João Costa, o ministro da Educação, reconhece que a “carreira docente precisa de estabilidade reforçada”, mas critica o momento das greves de professores que estão a marcar o início deste segundo período. As declarações foram feitas durante a conferência de imprensa desta sexta-feira, onde o ministro reagiu às greves dos professores.

“É vital valorizar a carreira docente”, garantiu o governante. “Do nosso lado a vontade e disponibilidade para continuar a negociar com responsabilidade e frontalidade é inequívoca. Por isso estamos a contar com os representantes dos professores”, vincou João Costa, acrescentando: “Para que, em conjunto, sejamos garante de tranquilidade, serenidade de que todos os alunos precisam”.

O ministro realçou que a greve tem “impacto mínimo para os professores em greve mas com impacto máximo para as crianças, jovens e famílias.” “Há pais, mães, encarregados de educação a perder rendimentos e todos os dias nos têm chegado mensagens de encarregados de educação em risco de perder emprego.”

João Costa lembrou que “a equipa governativa nunca se furtou ao diálogo” e deixou críticas ao momento em que se realizam os protestos. “Por exemplo, todos os sindicatos sem exceção concordaram com o governo sobre a necessidade de reduzir as áreas geográficas da colocação de professores.
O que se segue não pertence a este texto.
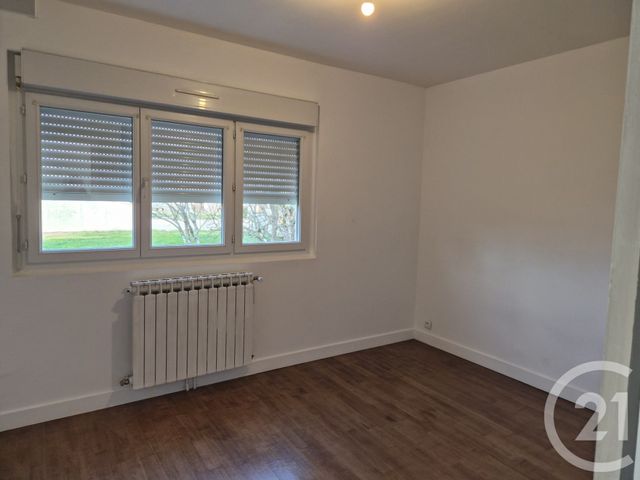 Maison &agrave; vendre - 4 pi&egrave;ces - 79,56 m2 - Varennes Vauzelles - 58 - BOURGOGNE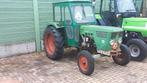cabine deutz 06 serie, Ophalen, Gebruikt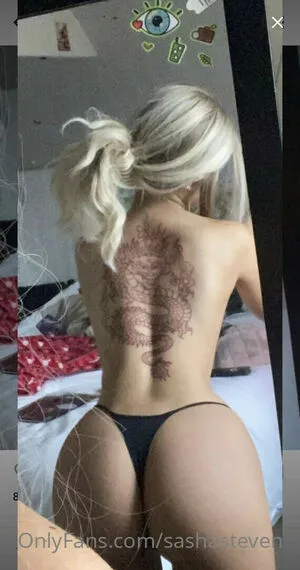 Sasha Steven OnlyFans Leaked Free Thumbnail Picture - #YyWnuPMtZj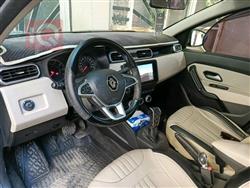 رينو داستر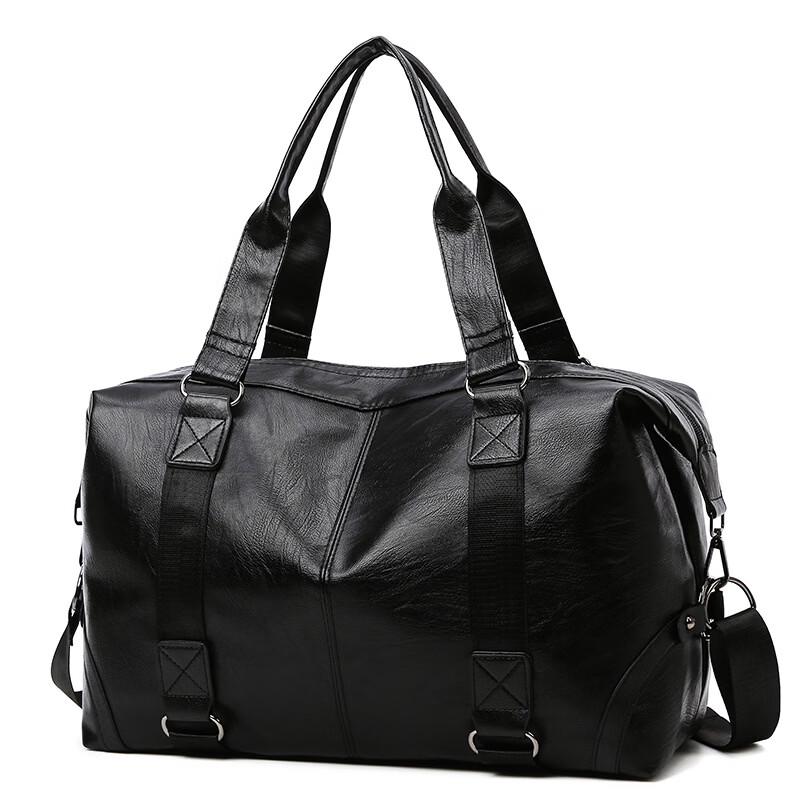 Lishin Large Capacity Travel & Gym Shoulder Bag
Lishin Large Capacity Travel & Gym Shoulder Bag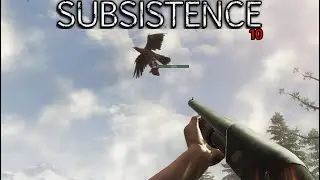 MY LUNCH!!   Subsistence E7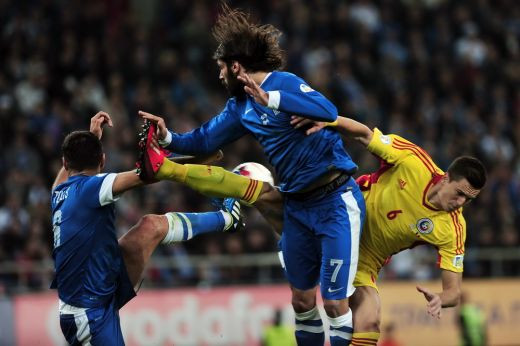 Steaua se pregateste de un nou transfer de senzatie! In iarna am putea avea parte de o super lovitura! Cine este romanul pentru care a venit de fapt Klopp la Bucuresti:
Outro exemplo, é o de que todos os sindicatos sem exceção concordaram que os professores devem ser colocados em quadros de escola em detrimento da colocação preferencial m quadros de zona pedagógica. Não houve nem há qualquer dúvida sobre total disponibilidade do governo para negociar“, sublinhou nestas declarações.

“Há sim uma forma de luta que parece querer desprezar a concertação social num momento crítico em que as crianças estão a recuperar aprendizagens de dois anos de pandemia, que precisam de estabilidade e segurança emocional (…)”, contextualizou o ministro. Segundo João Costa, o maior impacto dos protestos está a ser sentido na “educação pré-escolar e no primeiro ciclo”.

“Se a greve surgisse depois de o governo se recusar a dialogar até podia ser entendida. Mas escolheu-se uma greve atípica, desproporcional e radical a meio de um processo negocial“, acusou.

Greve dos professores: Governo tem "fortes indícios" de violação da lei e "não descarta" serviços mínimos - CNN Portugal

O Ministério da Educação tem “fortes indícios” de violação da lei no que diz respeito ao recurso a fundos de greve e que “não descarta” vir a pedir que sejam decretados serviços mínimos para a greve dos professores.

Numa conferência de imprensa ao final da tarde no Ministério da Educação (ME), em Lisboa, o ministro da Educação, João Costa, justificou o pedido de pareceres sobre a legalidade da greve, estando em causa “sobretudo a forma como a greve se tem desenvolvido ao longo da primeira semana”, sublinhando que a realização de greves tem regras definidas e que a que está em curso “não tem previsibilidade”, havendo “indícios de violação da proporcionalidade da greve”.

A possibilidade de os professores pararem por apenas uma hora, podendo não ser necessariamente o primeiro tempo escolar de cada dia, tem impactos muito diferenciados em professores e encarregados de educação, sublinhou João Costa, que disse que esta é uma greve de “impacto mínimo para os professores e impacto máximo para os encarregados de educação”, havendo relatos de pais em risco de perder o emprego, segundo o ministro.

O secretário de Estado da Educação, António Leite, em resposta aos jornalistas, confirmou estar a ser verificada a legalidade do recurso a fundos de greve, que tem estipulado na lei o modo como devem ser constituídos e usados, referindo “fortes indícios de que a lei não está a ser cumprida” e que consoante o que venha a ser apurado, a tutela irá “atuar em conformidade”.

Disse também que “nenhum instrumento legal” está “descartado” e que o Ministério da Educação pode solicitar que sejam decretados serviços mínimos para a greve em curso se se “vier a perceber que há, de facto, essa absoluta necessidade”.

O ministro acrescentaria depois que este compasso de espera em relação a decretar ou não os serviços mínimos se justifica por ainda não haver resposta aos dois pareceres jurídicos solicitados pelo ME, dos quais a decisão também está pendente.